FMD : J’ai un regret, celui de ne pas avoir totalement convaincu Fouad de renoncer à mettre noir sur blanc des appréciations qu’il avait sur telles ou telles personnes qu’il a côtoyées. Certes, il a mis de l’eau dans son vin après que nous en avons parlé. Certes, ce n’est qu’un mot, un qualificatif ou un trait vif ici ou là, guère plus, qui ne me paraissaient pas indispensables, mais qu’il a tenu à conserver, au risque quelquefois de se montrer injuste. Son tempérament est ainsi fait.

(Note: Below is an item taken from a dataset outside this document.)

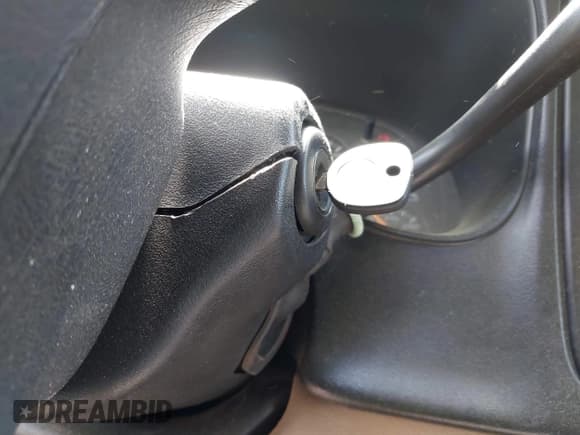 ✅ 2003 Chevrolet Silverado 1500 LS • VIN: 1GCEC19T33Z128989 • Lot: 42179237. Listed on IAAI with 329,452 mi. Free auction sales archive from the USA and detailed vehicle history report at DreamBid. Image 11.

J’aurais dû me montrer plus insistant auprès de lui et, maintenant, je regrette un peu de ne l’avoir pas été…
Propos recueillis par Laurent Fassin, le 26 octobre 2024
(1) Dans la revue en ligne La Cause Littéraire, se reporter aux lectures proposées par Philippe Chauché et Laurent Fassin du roman de Fouad El-Etr, En mémoire d’une saison de pluie (Gallimard, 2021), ainsi qu’à l’entretien que ce dernier a accordé à Philippe Chauché.
(2) Les typons, ou films à point serrés, qui étaient destinés à reproduire des images sur les plaques offset, n’ont plus cours, remplacés qu’ils sont par les techniques de reproduction numérique.
(3) Emmanuel Darley (1963-2016) a quitté la librairie Tschann pour se consacrer entièrement à l’écriture. Il a publié plusieurs romans (aux éditions POL, Verdier et Actes Sud) et beaucoup écrit pour le théâtre (textes parus dans la Collection Actes Sud-papiers).